The same bell which tolled at William Hazlitt 's burial 173 years ago sounded again yesterday at a fervent ceremony to honour and extend the fame of the radical English essayist.

The former Labour leader Michael Foot unveiled a restored, 216-word inscription, one of the longest in church history, on the restored grave in St Anne's churchyard in Soho, central London. It honoured a dissenter who is acknowledged as one the greatest masters of English prose. The grave, with its jubilant tribute to "a despiser of the merely rich and great, a lover of the people, poor or oppressed, a hater of the pride and power of the few" had been allowed to fall into near-illegible neglect.

Hazlitt, whose tomb was destroyed in 1870 out of fears that his reputation would generate social conflict, died in a cheap Soho lodging house in September 1830. His funeral - in the nearby Wardour Street churchyard in 1830 - was sparsely attended. But yesterday more than 300 devotees of his work gathered at St Anne's churchyard on a crisp, chilly afternoon to see the new tombstone unveiled. Its £26,000 restoration cost was funded by private donations and gifts sent by some 700 Guardian readers, many of whom were at the ceremony.

The project began in the office of the Guardian readers' editor Ian Mayes. Its action committee included the poet laureate Andrew Motion and the broadcaster Melvyn Bragg. Tom Paulin, the Oxford academic and poet, gave an oration in Hazlitt 's honour. Another of the committee, Hazlitt 's biographer AC Grayling, recalled in another speech how someone told Hazlitt : "I admire Napoleon for putting down the rabble on the streets." Hazlitt answered: "I admire him for putting down a rabble of kings in Europe." The rector of St Anne's, the Rev Clare Herbert, told the gathering she hoped "this piece of living history will help renew among us those qualities of the human spirit which Hazlitt strove for...disinterested benevolence, the widest possible imagination and defiance of the lust for power".

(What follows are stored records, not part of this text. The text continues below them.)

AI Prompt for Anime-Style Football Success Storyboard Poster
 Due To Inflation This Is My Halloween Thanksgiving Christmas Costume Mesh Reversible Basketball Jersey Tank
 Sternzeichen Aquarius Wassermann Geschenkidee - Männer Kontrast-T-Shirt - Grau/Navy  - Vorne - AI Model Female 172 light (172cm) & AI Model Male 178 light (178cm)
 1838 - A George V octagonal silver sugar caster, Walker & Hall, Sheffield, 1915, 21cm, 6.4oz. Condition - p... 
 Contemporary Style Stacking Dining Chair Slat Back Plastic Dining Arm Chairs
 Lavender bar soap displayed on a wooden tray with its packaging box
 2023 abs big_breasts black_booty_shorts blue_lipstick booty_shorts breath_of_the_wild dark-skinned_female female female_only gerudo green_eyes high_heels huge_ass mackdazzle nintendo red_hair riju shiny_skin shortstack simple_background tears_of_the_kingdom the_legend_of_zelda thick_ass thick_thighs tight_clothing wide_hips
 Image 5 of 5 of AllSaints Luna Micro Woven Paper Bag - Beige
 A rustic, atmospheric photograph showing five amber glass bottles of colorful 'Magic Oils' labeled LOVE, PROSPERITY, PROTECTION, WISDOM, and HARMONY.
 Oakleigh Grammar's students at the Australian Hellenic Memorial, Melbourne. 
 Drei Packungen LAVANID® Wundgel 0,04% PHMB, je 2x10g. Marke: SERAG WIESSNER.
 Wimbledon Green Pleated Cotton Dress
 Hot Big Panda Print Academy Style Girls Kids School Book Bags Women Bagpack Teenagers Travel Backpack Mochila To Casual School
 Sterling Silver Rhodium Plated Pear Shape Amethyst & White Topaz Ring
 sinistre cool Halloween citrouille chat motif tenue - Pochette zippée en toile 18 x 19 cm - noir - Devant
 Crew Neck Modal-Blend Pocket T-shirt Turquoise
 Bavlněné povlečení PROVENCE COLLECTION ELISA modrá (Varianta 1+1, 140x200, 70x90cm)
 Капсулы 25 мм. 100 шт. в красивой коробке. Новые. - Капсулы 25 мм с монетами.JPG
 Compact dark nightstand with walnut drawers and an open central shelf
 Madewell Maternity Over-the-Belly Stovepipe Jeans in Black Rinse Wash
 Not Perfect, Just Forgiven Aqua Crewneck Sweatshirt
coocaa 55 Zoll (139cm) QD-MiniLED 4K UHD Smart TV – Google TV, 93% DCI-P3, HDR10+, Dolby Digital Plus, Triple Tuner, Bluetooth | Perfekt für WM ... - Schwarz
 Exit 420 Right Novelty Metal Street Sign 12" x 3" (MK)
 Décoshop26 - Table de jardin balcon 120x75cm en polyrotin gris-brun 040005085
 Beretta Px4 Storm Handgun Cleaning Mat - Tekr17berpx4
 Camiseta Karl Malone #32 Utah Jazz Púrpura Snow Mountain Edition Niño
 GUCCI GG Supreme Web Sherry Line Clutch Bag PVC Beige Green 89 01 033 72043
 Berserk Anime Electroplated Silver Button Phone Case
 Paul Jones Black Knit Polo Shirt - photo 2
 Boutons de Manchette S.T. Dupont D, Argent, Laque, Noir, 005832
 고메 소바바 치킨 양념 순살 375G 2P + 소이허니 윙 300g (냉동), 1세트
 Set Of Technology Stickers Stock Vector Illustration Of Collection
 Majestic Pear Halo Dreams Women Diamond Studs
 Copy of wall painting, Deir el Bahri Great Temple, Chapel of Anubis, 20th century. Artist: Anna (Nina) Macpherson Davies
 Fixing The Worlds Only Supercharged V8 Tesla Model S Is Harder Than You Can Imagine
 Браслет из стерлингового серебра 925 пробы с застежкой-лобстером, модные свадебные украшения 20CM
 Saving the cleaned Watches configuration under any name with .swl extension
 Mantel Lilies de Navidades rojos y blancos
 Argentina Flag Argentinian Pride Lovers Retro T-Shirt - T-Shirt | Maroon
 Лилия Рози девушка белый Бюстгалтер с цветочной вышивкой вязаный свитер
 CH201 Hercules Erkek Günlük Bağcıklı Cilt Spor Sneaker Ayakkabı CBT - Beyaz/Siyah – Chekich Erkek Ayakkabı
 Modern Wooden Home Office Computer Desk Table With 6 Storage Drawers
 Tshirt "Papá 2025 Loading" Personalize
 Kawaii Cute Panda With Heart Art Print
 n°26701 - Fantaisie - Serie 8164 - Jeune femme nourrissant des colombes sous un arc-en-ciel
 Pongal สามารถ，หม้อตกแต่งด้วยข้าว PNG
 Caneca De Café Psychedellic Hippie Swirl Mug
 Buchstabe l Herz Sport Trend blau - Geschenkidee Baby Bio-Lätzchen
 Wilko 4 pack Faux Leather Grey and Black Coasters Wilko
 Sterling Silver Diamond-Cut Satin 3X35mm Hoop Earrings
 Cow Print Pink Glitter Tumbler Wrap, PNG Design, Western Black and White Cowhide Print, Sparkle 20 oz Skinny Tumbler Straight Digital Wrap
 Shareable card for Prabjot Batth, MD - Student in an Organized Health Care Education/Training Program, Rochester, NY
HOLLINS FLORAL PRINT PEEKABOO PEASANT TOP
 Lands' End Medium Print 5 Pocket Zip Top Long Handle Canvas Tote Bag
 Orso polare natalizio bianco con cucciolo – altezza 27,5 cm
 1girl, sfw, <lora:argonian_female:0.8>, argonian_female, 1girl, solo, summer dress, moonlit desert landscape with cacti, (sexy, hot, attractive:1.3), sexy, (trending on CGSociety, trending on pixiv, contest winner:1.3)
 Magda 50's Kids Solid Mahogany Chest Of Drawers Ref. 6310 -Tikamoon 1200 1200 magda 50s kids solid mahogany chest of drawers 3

The work of cutting the inscription - in black Lakeland slate - was undertaken by the Cardozo Kindersley Workshop in Cambridge. The cutting was done by Lida Kindersley, Annika Larsson and Fergus Wessel, working in rotation. The carved words were read at yesterday's ceremony by the actor Bill Nighy. The slab was placed horizontally on a base of Portland stone bearing the one word: "Hazlitt".

The Guardian, 11th April 2003.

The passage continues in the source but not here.